Nima Drains to Go Underground with Approval of 91 million Loan Facility

The Minister for Works and Housing, Samuel Atta Akyea has observed that the construction of subterranean drains such as the one to be constructed at Nima and its environs to replace the current open air drains in that area and many others dotted around the country, would save the state a lot of money than to de-silt them on an annual basis.

The Minister cited the amount voted for de-silting the Odaw basing alone for the year 2019 was 250 Million Cedis which could have been put to better use.

Speaking on the floor of parliament Mr.
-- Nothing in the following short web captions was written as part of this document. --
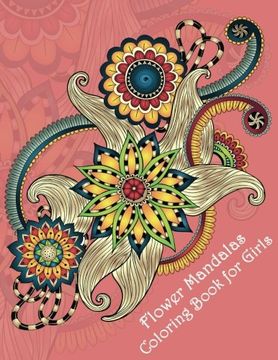 portada Flower Mandalas Coloring Book for Girls: Stunning Designs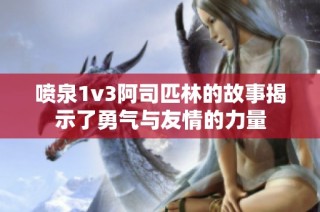 喷泉1v3阿司匹林的故事揭示了勇气与友情的力量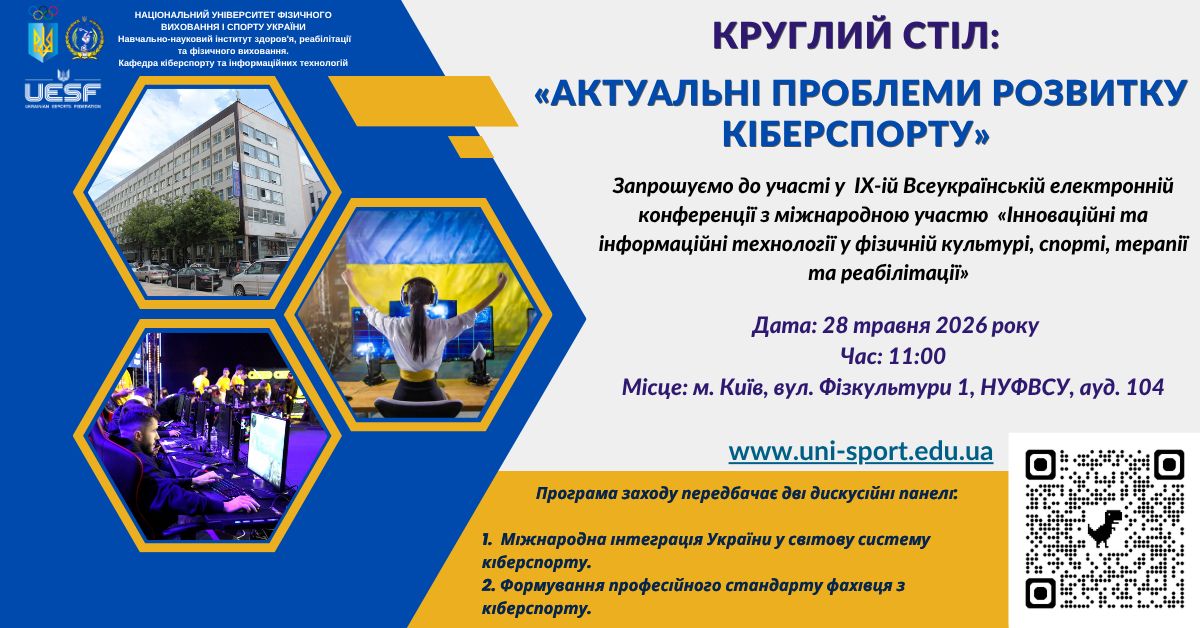 Круглий стіл «АКТУАЛЬНІ ПИТАННЯ РОЗВИТКУ КІБЕРСПОРТУ» Дата: 28 травня 2026 року  Час: 11:00 - 13:00 (початок реєстрації/вступних заходів, основна частина — о 12:00)  Місце: м. Київ, вул. Фізкультури 1, НУФВСУ, ауд. 104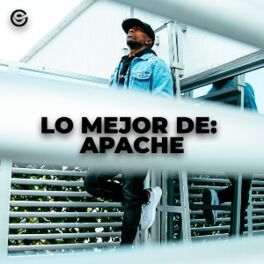 Cover of playlist Lo Mejor de Apache: Tiempo Mítico - Grandes Éxitos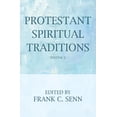thumbnail image 1 of Protestant Spiritual Traditions, Volume Two (Paperback), 1 of 1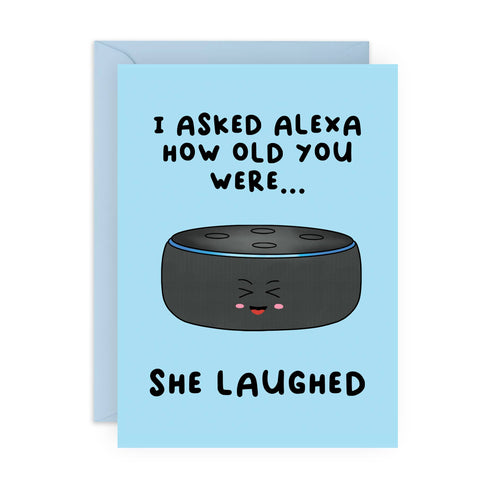 If I asked ALEXA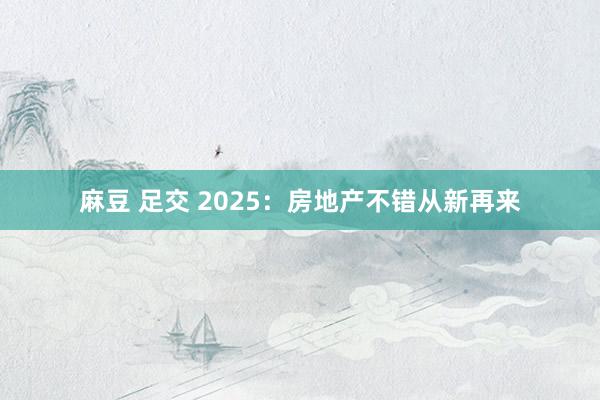 麻豆 足交 2025：房地产不错从新再来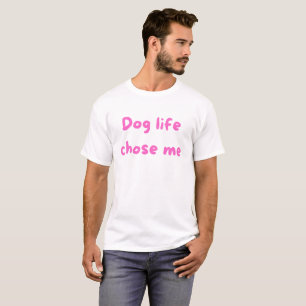 Camiseta Cão Escolheu a Vida – Dono Inspirador de Cão Resga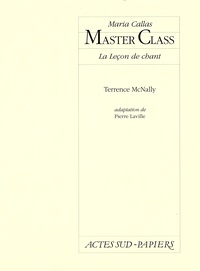 Terrence McNally - Master Class - Maria Callas, la leçon de chant.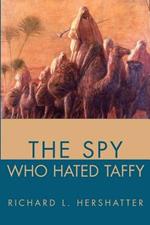 The Spy Who Hated Taffy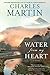 Water from My Heart by Charles Martin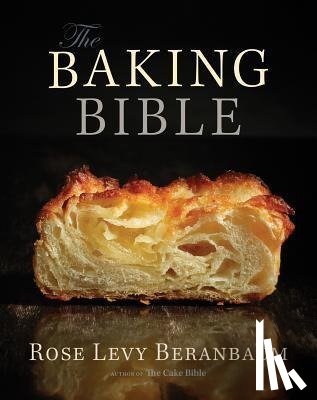Beranbaum, Rose Levy - The Baking Bible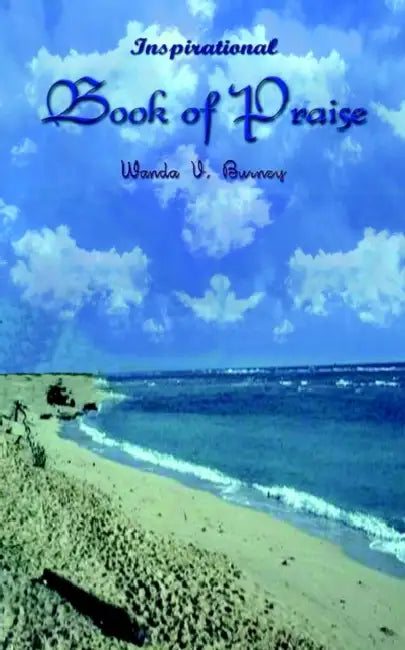 Book of Praise: Inspirational by Wanda V. Burney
Atta-Akyea noted that “We wouldn’t be using too much money in trying to do the de-silting which I have already told you it’s a yearly ritual; even when we don’t have money to do so”.

He further stated for instance, “for the year 2019, the amount voted for de-silting our drainage lining is 250 million Ghana Cedis but if had subterranean drain, we would not be spending this level of money in trying to maintain our drains and to keep the environment very safe.”

According to the Minister, once the drains go underground, the obnoxious habit of people dumping solid waste and refuse into the drains would stop because there would be no opportunity for anyone to do that: adding that it would lead to the improvement of the general sanitary conditions around the areas where these drainage systems are located.

“If you care to know, because of the open gutters that we have in the country, which also is one of the reasons why we are fighting hard that people will change their mentality: that they shouldn’t dump their filth which they have gathered from their homes into the open drains because it will choke the drains.

“The drains get choked and when there is a heavy downpour, the outcome is what we call the flooding: so there is the need to do what we call subterranean drain in which the whole drainage system is underground and nobody can put rubbish under the ground”.

Therefore he noted, “it is very hygienic and appropriate for good environment because we don’t have all the associated diseases which come with open drains, as well as yearly spending to de-silt these open drains.”